Article paru dans le journal Libération du 26/05/11
Fin de journée à la bourse du travail de Choisy-le-Roi (Val-de-Marne). Le soleil tombe directement dans les yeux d’une bonne part des militants de la «cellule» communiste locale. Calés dans leurs sièges en plastique, la trentaine de fidèles est venue ce lundi soir pour débattre de l’avenir du PCF en 2012 : poursuite de l’alliance du Front de gauche aux élections et choix du candidat pour la présidentielle.
«Il ne s’agit pas que certains se sentent dépossédés», avance Anne-Marie Arnaud, la responsable. Sous-entendu : si Pierre Laurent, leur secrétaire national, a annoncé début avril sa «préférence» pour Jean-Luc Mélenchon, allié aux communistes au sein du Front de gauche, les militants PCF ont encore la parole. Débattre, comme pour accepter - résignés mais pragmatiques - de soutenir la candidature d’un non-communiste à la présidentielle. Une première depuis 1974 et le soutien du PCF à François Mitterrand. Les communistes doivent en décider, les 4 et 5 juin, en conférence nationale, puis lors d’un vote militant du 16 au 18 juin.
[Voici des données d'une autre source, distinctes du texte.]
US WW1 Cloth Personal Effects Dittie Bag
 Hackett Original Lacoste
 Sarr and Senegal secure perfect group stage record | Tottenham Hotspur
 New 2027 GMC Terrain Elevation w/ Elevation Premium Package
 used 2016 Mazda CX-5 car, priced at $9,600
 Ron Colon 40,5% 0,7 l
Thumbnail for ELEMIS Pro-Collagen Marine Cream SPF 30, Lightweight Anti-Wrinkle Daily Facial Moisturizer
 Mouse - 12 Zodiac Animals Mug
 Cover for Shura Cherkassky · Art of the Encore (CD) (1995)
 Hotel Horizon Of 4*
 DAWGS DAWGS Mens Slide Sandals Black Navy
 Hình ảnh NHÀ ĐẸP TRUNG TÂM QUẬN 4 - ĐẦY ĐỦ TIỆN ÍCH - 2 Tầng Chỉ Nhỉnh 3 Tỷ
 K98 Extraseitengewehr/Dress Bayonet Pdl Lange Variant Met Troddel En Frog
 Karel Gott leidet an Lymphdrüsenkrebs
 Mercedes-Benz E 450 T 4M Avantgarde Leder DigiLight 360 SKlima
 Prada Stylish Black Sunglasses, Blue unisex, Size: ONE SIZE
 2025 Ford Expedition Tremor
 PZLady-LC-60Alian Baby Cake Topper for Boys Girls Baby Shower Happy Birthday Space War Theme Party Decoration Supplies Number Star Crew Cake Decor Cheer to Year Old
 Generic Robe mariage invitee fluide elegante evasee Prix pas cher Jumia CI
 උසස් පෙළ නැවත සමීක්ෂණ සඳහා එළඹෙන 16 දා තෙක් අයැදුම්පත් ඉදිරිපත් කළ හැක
A Choisy, de Mélenchon, il est d’abord très peu question. On parle de DSK, de l’Espagne. «La question n’est pas de savoir comment on va à la présidentielle, fustige Jean-Joël Le Marchand, premier adjoint de la ville.Ne sous-estimons pas cette colère des jeunes. J’ai le sentiment qu’on s’en tape…» Cyril, 23 ans, se lance sur les choix des candidatures : «Jean-Luc Mélenchon ? Je ne suis pas contre. Mais à l’origine, il est du PS, même s’il l’a quitté par la gauche.» Le député PCF et pro-Front de gauche André Chassaigne ? «C’est le Robert Hue d’aujourd’hui.» André Gerin ? «La banalisation du populisme.» Quant à Emmanuel Dang-Tran : «Plus crédible mais trop sectaire.» On n’est pas plus avancé… «Je me refuserai de parler de la présidentielle en terme de personne, relaie Annick. Le PCF a tout à perdre.» La retraitée plaide pour la poursuite du Front de gauche. «Ça n’efface pas le Parti communiste, assume-t-elle. Car je vois que la crainte de l’effacement traduit de vraies angoisses.» Elle interpelle ses camarades : «Que fait-on de ces gens avec qui on a travaillé pendant les cantonales, qui font de la politique mais qui ne sont pas communistes ?»Pas de réponses…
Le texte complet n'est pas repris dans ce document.